Posted September 19, 2022 |  Reviewed by Ekua Hagan

 

KEY POINTS

The Zeigarnik effect is what occurs when the brain more readily recalls an interrupted task than a completed one. Unfinished tasks create mental tension, which impacts how well people perform other tasks in the meantime, according to research. Studies show making plans improves productivity.

 

The Zeigarnik effect isn't exactly what one might call a household name, despite the fact that it's quite common and often makes people incredibly unproductive. The effect is well known, however, to psychological professionals. What is it? It’s what occurs when the brain more readily recalls an interrupted task than a completed one. Bluma Zeigarnik was a Lithuanian-Soviet psychologist who discovered this effect.

 

Zeigarnik studied this recall phenomenon after her professor, Gestalt psychologist Kurt Lewin, noticed that a waiter remembered the details of still unpaid orders better than those orders that had already been paid.
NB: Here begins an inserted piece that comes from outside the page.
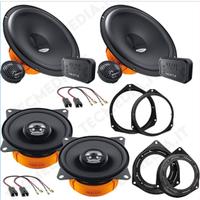 Kit 6 casse altoparlanti anteriore e posteriore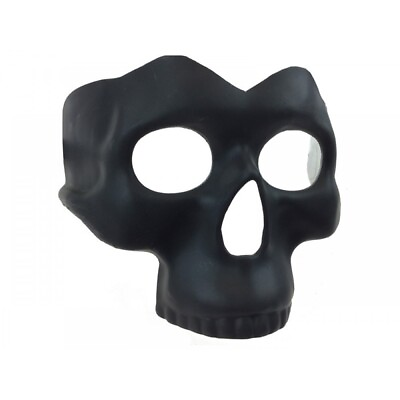 #ad Phantom Half Skull Face Mask Halloween Costume Masquerade Mask Black $19.95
Zeigarnik performed a series of experiments to uncover the underlying reasons for this phenomenon. She first published her research in 1927 in the journal Psychologische Forschung.

 

Her research built upon one of Lewin's field theories that “a task that has already been started establishes a task-specific tension, which improves cognitive accessibility of the relevant contents. The tension is relieved upon completion of the task but persists if it is interrupted. Through continuous tension, the content is made more easily accessible, and can be easily remembered.”

 

The Zeigarnik Effect as a Study Aid

The Zeigarnik effect is a great tool when someone wants to memorize things. For example, the effect suggests that students who interrupt their study to perform unrelated activities (such as studying a different subject or playing a game), will remember the material better than students who finish study sessions without taking a break. Therefore, a purposeful interruption that might seem like a waste of time when studying is in fact productive.

 

The problem with the Zeigarnik effect in terms of productivity is when it’s in operation for non-studying chores, such as creating and achieving new goals. Two researchers at Florida State University, E. J. Masicampo, and Roy F. Baumeister, found in several studies that the mental tension created by unfinished tasks — what Lewin and Zeigarnik first recognized — persists to the point that it impacts how well people perform other tasks in the meantime. Essentially, unfinished tasks distract people from completing different new tasks.

 

Unfinished Tasks Decrease Productivity

Masicampo and Baumeister believed there was ample theory and evidence that unfulfilled goals persist in the mind, e.g., the Zeigarnik effect. They wanted to know whether this persistence caused distraction. It did. Their studies demonstrated that unfinished goals caused distracting thoughts and poor performance when study participants tried to achieve new goals. They found that the Zeigarnik effect immobilizes the brain’s various cognitive processes that usually promote goal pursuit. In a nutshell, unfinished tasks distract people, thereby making them less efficient going forward.

 

Masicampo and Baumeister further theorized that plan-making — writing out detailed to-do tasks for unfulfilled goals — could lessen the distracting impact of the Zeigarnik effect. Lo and behold, when they allowed participants to create specific plans for their unfinished goals before tackling new tasks, the various interference effects vanished. They found that committing to a specific plan for a goal likely not only facilitates achieving a goal but also frees up cognitive resources for other pursuits. Once someone creates a plan for an unfinished task, the brain suspends the cognitive activity related to attaining the unfinished task. The brain then resumes its goal-related cognitive activity at the planned future time.

 

Planning Isn’t Necessarily Writing a To-Do List

Planning seems to help the brain let go of the cognitive tension from unfinished tasks thereby creating room to accomplish new tasks, i.e., be more productive. To-do list zealots might take this as proof of concept. But that’s the wrong takeaway.

 

Daily to-do lists are not productive for everyone. There are those who swear by using to-do lists and religiously crossing every item off and then those who barely ever refer to theirs or create plans in their heads. What this research does mean is that creating detailed plans to accomplish goals, whether revisited or not, is helpful in relieving cognitive tension (stress) and achieving goals. These are two incredibly productive and worthy outcomes, no matter how one prefers to plan.

 

References

 

Lewin, Kurt (1935). A Dynamic Theory of Personality: Selected Papers. McGraw-Hill Book Company, Inc.

 

Zeigarnik, Bluma (1938). "Das Behalten erledigter und unerledigter Handlungen" [On Finished and Unfinished Tasks] Psychologische Forschung.

 

Masicampo, E. J. and Baumeister, Roy F. (2011). Consider It Done! Plan Making Can Eliminate the Cognitive Effects of Unfulfilled Goals. Florida State University.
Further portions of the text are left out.